Task objective: Only the lines from the one containing "Casa Londono - Studio" to the end of the data should be copied, exactly and without pictures.

Dataset content:
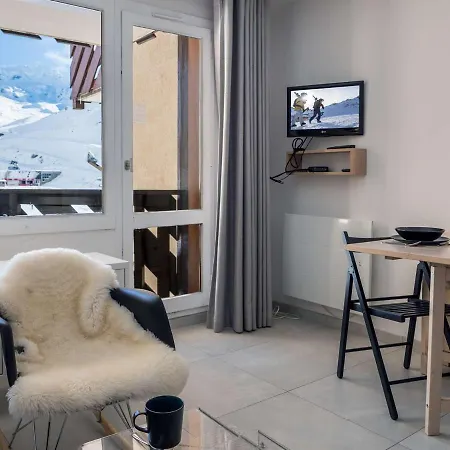 Apartmán Renove Pour 4 Pers. Avec Balcon Et Cuisine Equipee A - Fr-1-637-66 *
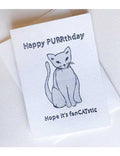 Happy Purrthday!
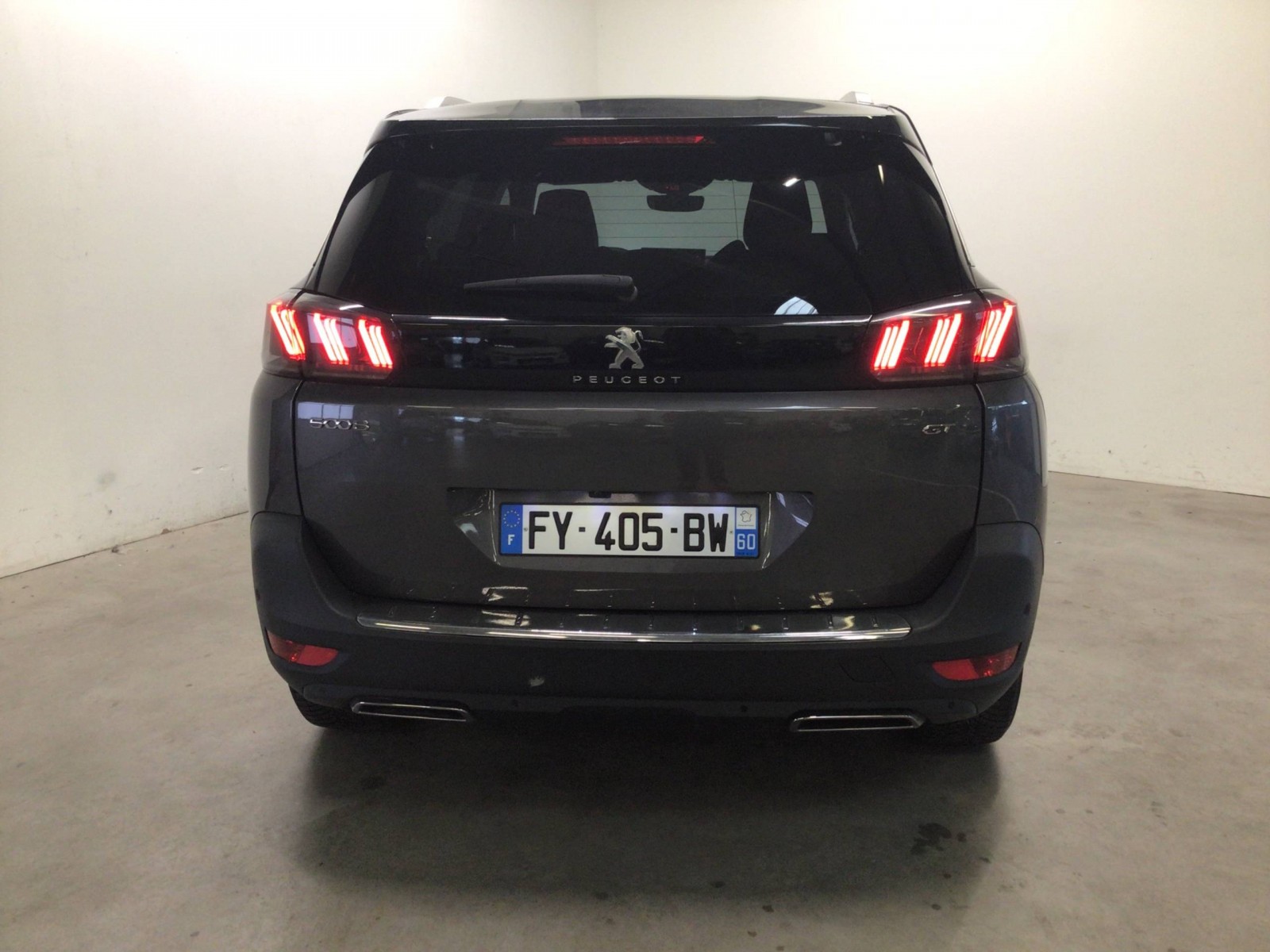 PEUGEOT - 5008 - #181314 - 5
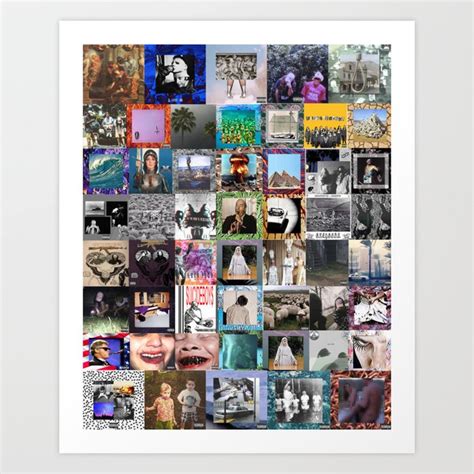 Suicideboys album covers Art Print by OtherWorld00 | Society6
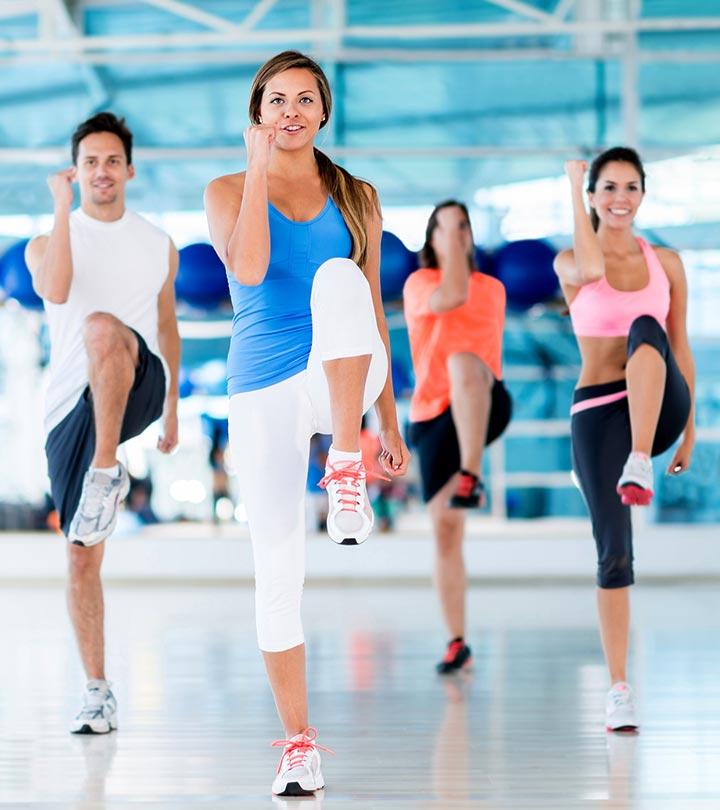 10 Best Aerobic Classes In Delhi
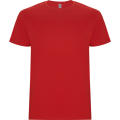 STAFFORD T-SHIRT S/S RED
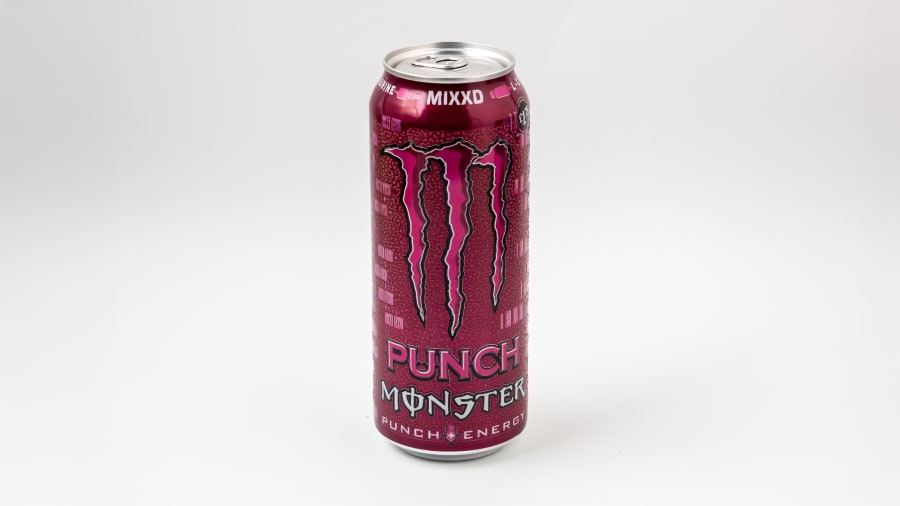 Monster - Punch mixed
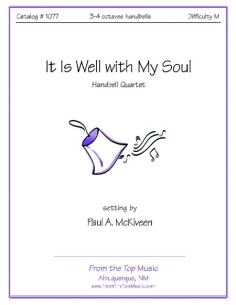 It Is Well with My Soul (Quartet)
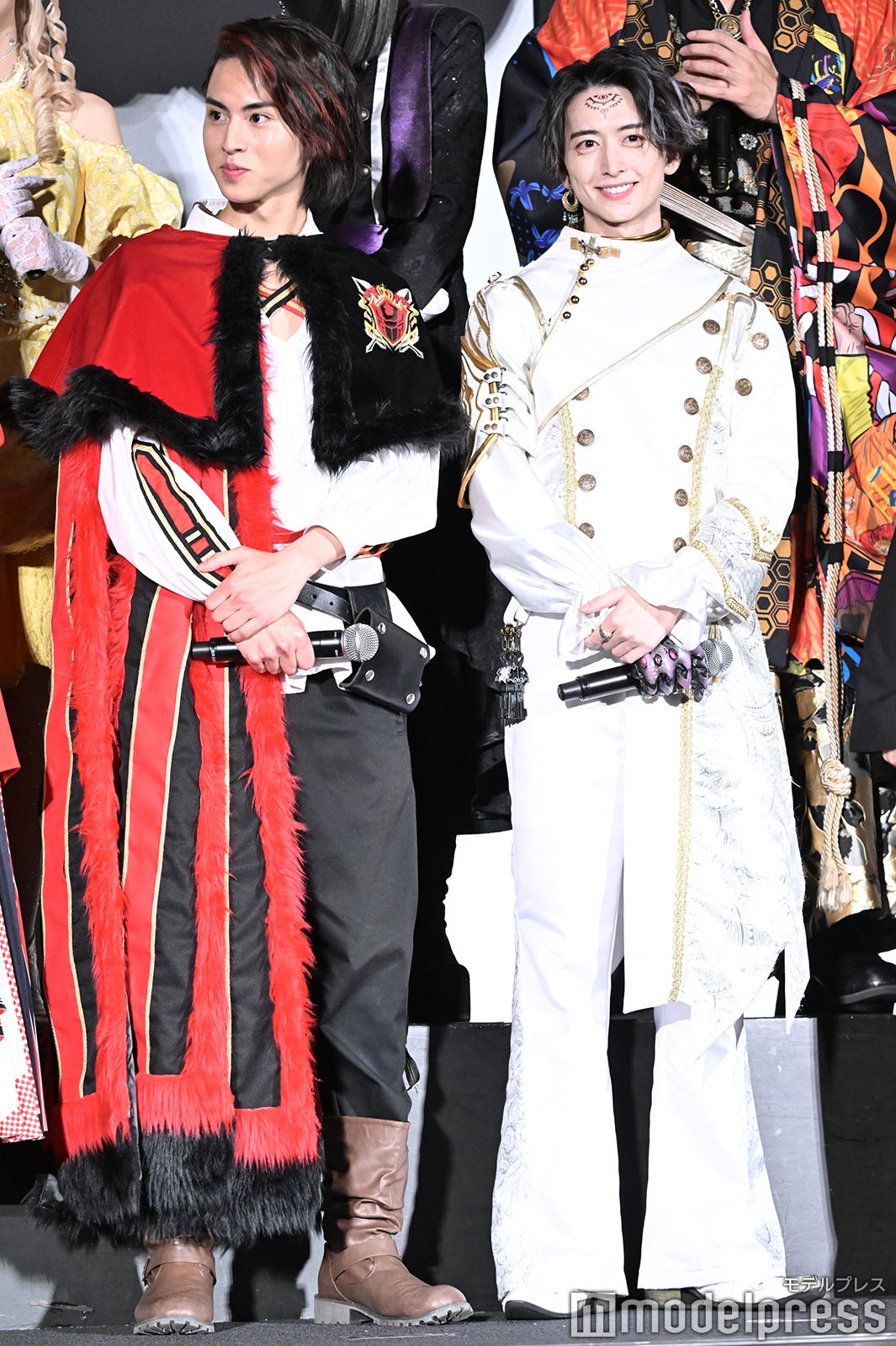 酒井大成、池田匡志（C）モデルプレス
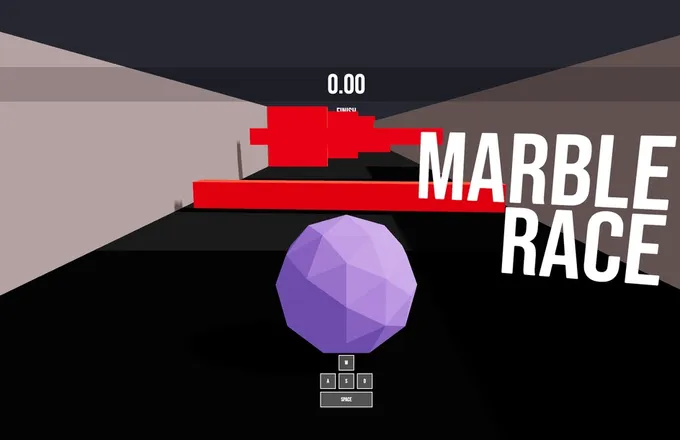Marble Race Game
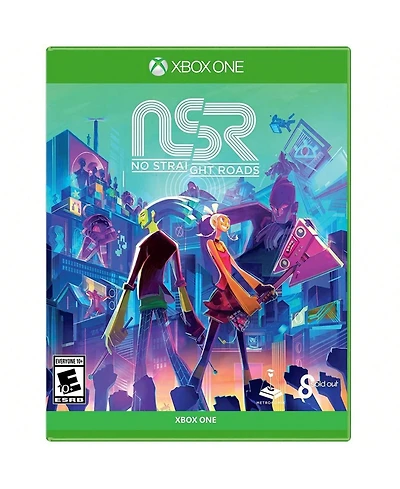 U&I Ent No Straight Roads for Xbox One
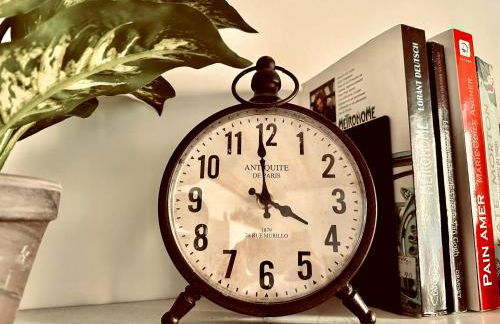 Casa Londono - Studio #6 - Calme avec vue sur parc - Foto 11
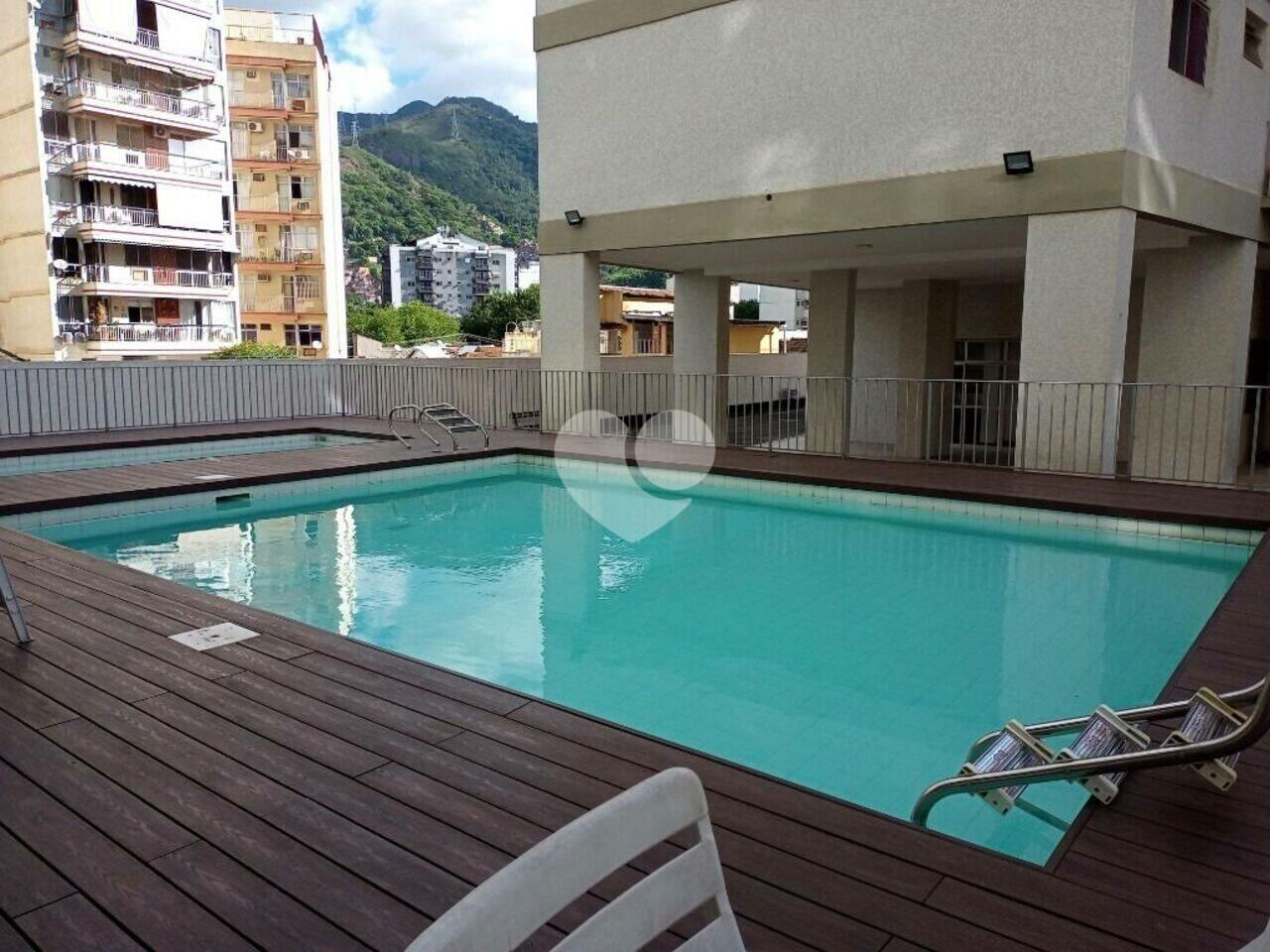 Apartamento Grajaú, Rio de Janeiro - RJ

Result of this exercise:
 Casa Londono - Studio #6 - Calme avec vue sur parc - Foto 11
 Apartamento Grajaú, Rio de Janeiro - RJ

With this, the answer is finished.